**Task prompt**
Reproduce the entries that follow precisely, setting aside any images.
= = = = =
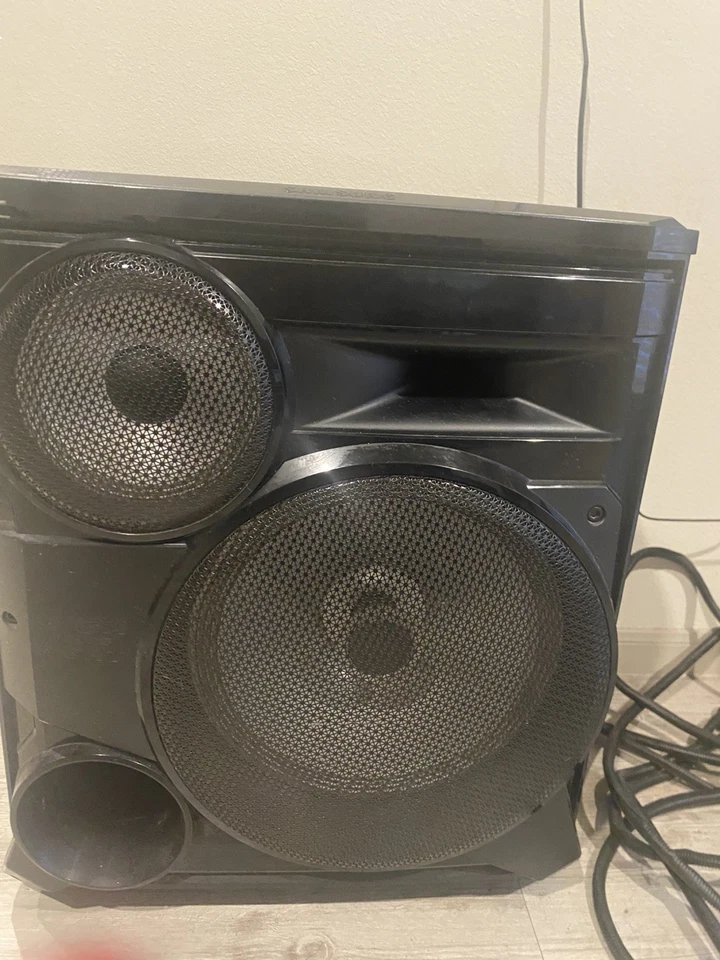 Sistema de sonido Samsung MX-HS8500 Giga 2.2 Bluetooth viene con dos estéreo grandes Foto 3 de 4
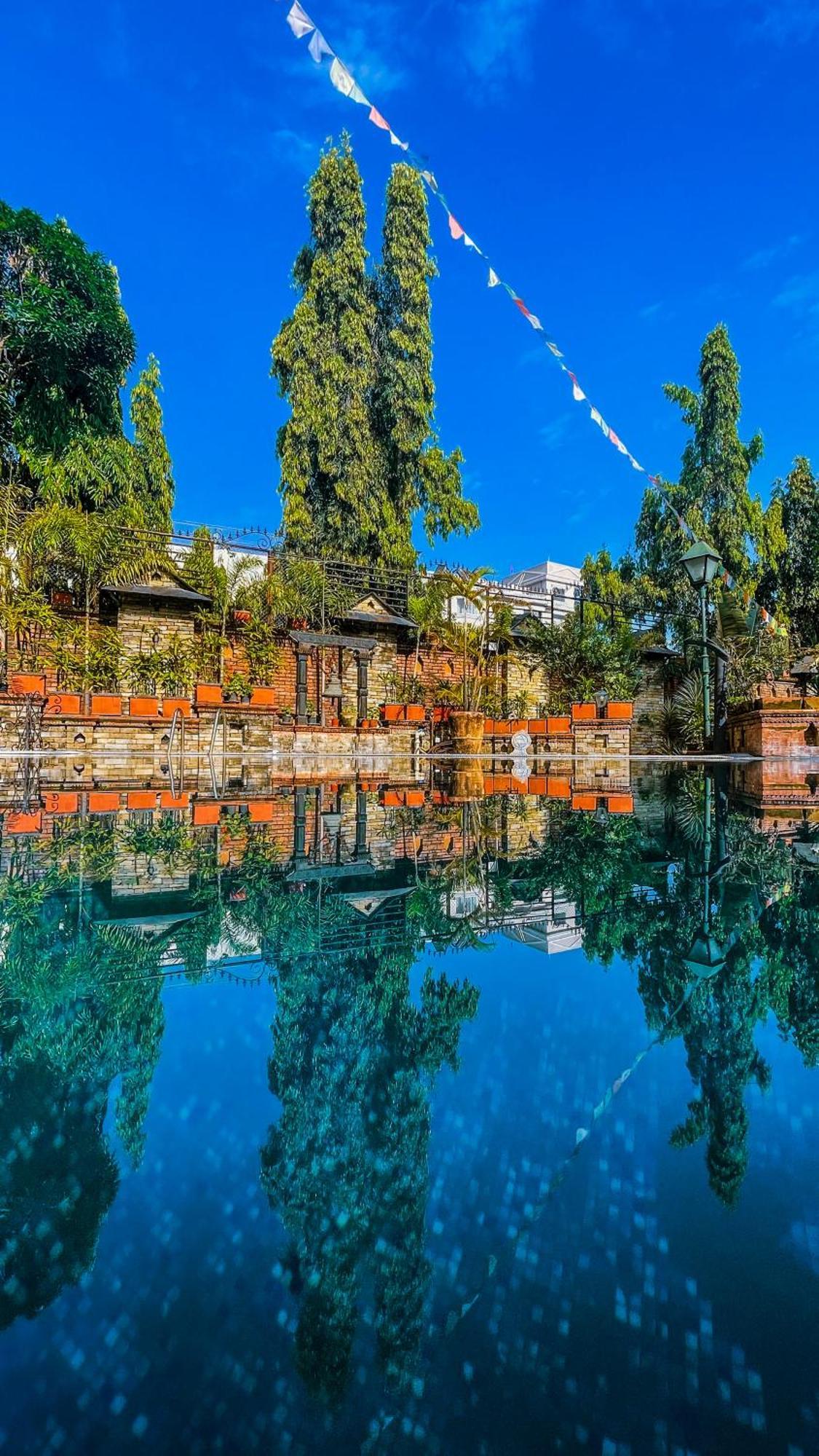 Heritage Hotel Suites&Spa Pokhara Buitenkant foto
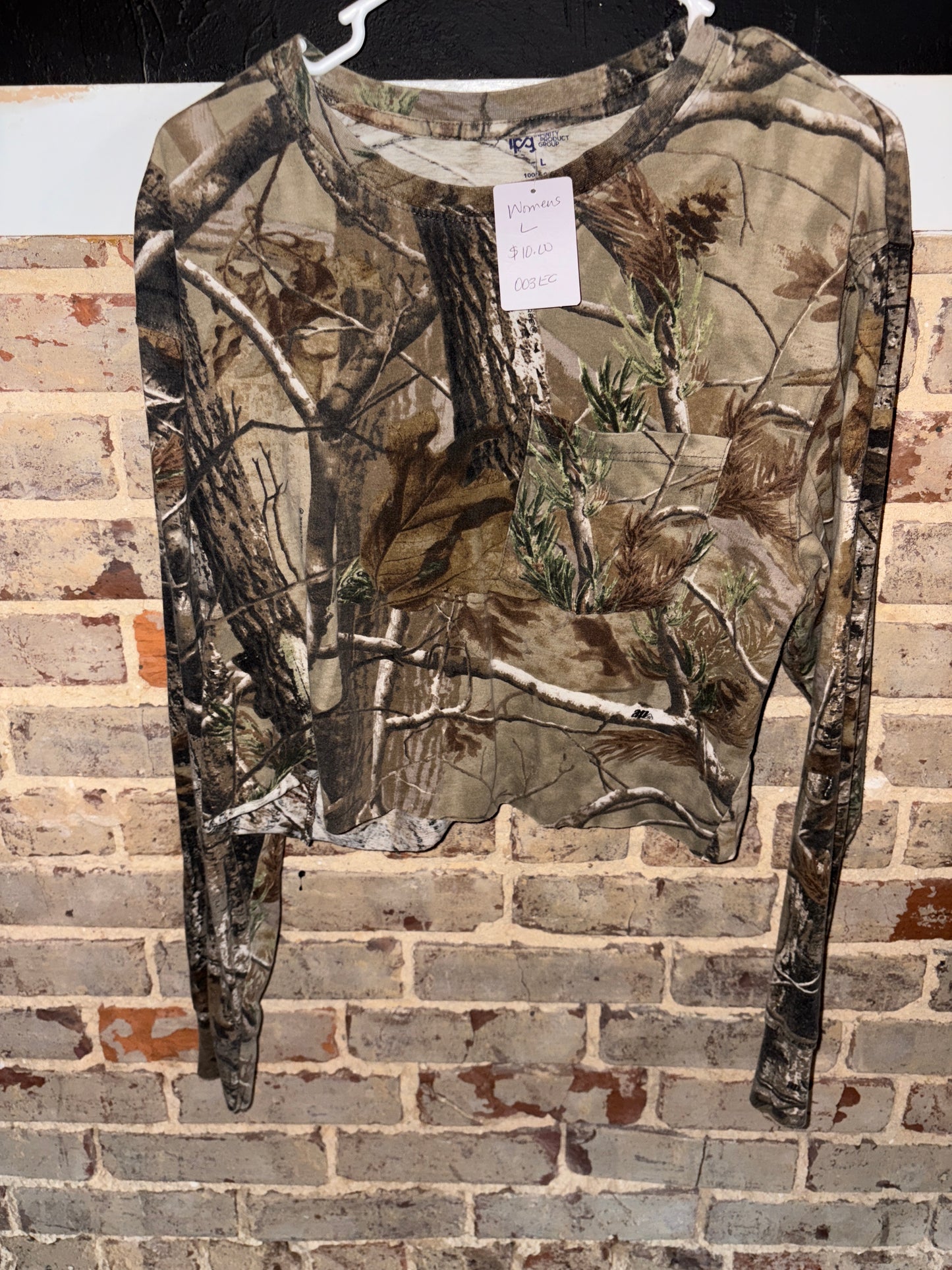 Women’s Camo Tank Long Sleeve Large
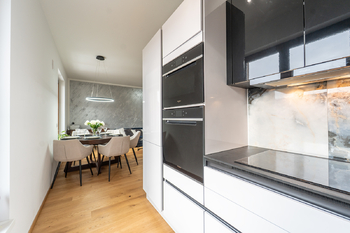 Prodej bytu 3+kk v osobním vlastnictví 84 m², Praha 10 - Královice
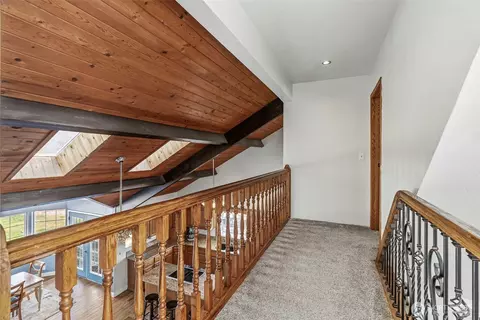 Entry Way - 4714 Pine St, Longview, WA 98632 photo 3 of 3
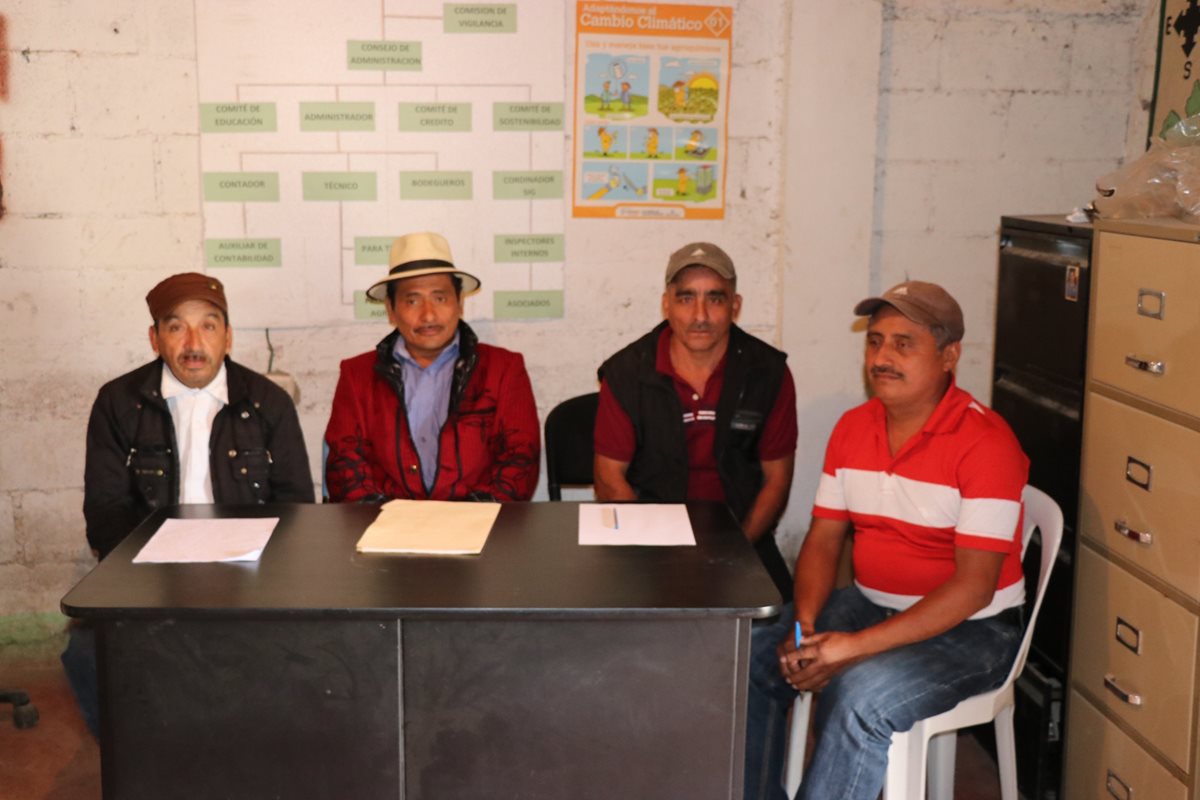 Líderes de Ilom, Chajul, Quiché, solicitaron a las autoridades de Salud y al presidente Jimmy Morales la construcción de un centro de Salud en esa comunidad. (Foto Prensa Libre: Héctor Cordero)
= = = = =
**Output for this task**
 Sistema de sonido Samsung MX-HS8500 Giga 2.2 Bluetooth viene con dos estéreo grandes Foto 3 de 4
 Heritage Hotel Suites&Spa Pokhara Buitenkant foto
 Women’s Camo Tank Long Sleeve Large
 Prodej bytu 3+kk v osobním vlastnictví 84 m², Praha 10 - Královice
 Entry Way - 4714 Pine St, Longview, WA 98632 photo 3 of 3
 Líderes de Ilom, Chajul, Quiché, solicitaron a las autoridades de Salud y al presidente Jimmy Morales la construcción de un centro de Salud en esa comunidad. (Foto Prensa Libre: Héctor Cordero)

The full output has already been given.